A woman uses an ATM at Banco Espirito Santo headquarters in Lisbon, Portugal, yesterday - the day after the EU approved a plan to bail out the ailing bank. Photo: EPA

Reuters and Bloomberg London and Lisbon

INVESTORS breathed a sigh of relief yesterday after Portugal prevented the collapse of one of its biggest banks, putting some life back into European stocks following last week’s slide and pushing bond yields lower across the board.

Lisbon announced on Sunday a e4.9 billion (R70bn) rescue of the country’s largest listed bank, Banco Espirito Santo, preventing its collapse and potential contagion across the continent’s banking sector.

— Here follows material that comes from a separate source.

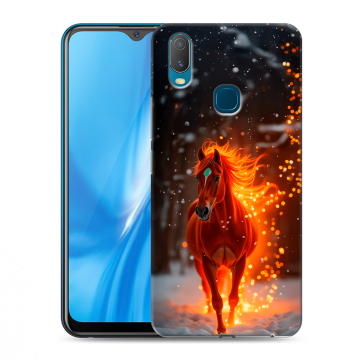 Силиконовый чехол на Vivo Y11 с принтом Новый год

“The market’s initial reaction is that it’s pretty reassuring to see Portugal moving quickly to rescue Banco Espirito Santo. Overall it eases systemic fears that resurfaced last week,” Saxo Bank sales trader Andrea Tueni said.

The Bank of Portugal’s resolution fund will move Banco Espirito Santo’s deposit-taking operations and most of its assets to a new company, Novo Banco, which it will own outright. The fund will finance the rescue with a Treasury loan to be repaid by Novo Banco’s eventual sale.

Subordinated debt plunged yesterday after the central bank said junior bondholders and shareholders would be left with the most “problematic” assets, including loans to other parts of the Espirito Santo Group and the lender’s stake in its Angolan operation.

Banco Espirito Santo, which tapped shareholders for funds less than two months ago, has been forced to take public money after regulators uncovered potential losses on loans to other companies tied to the Espirito Santo family.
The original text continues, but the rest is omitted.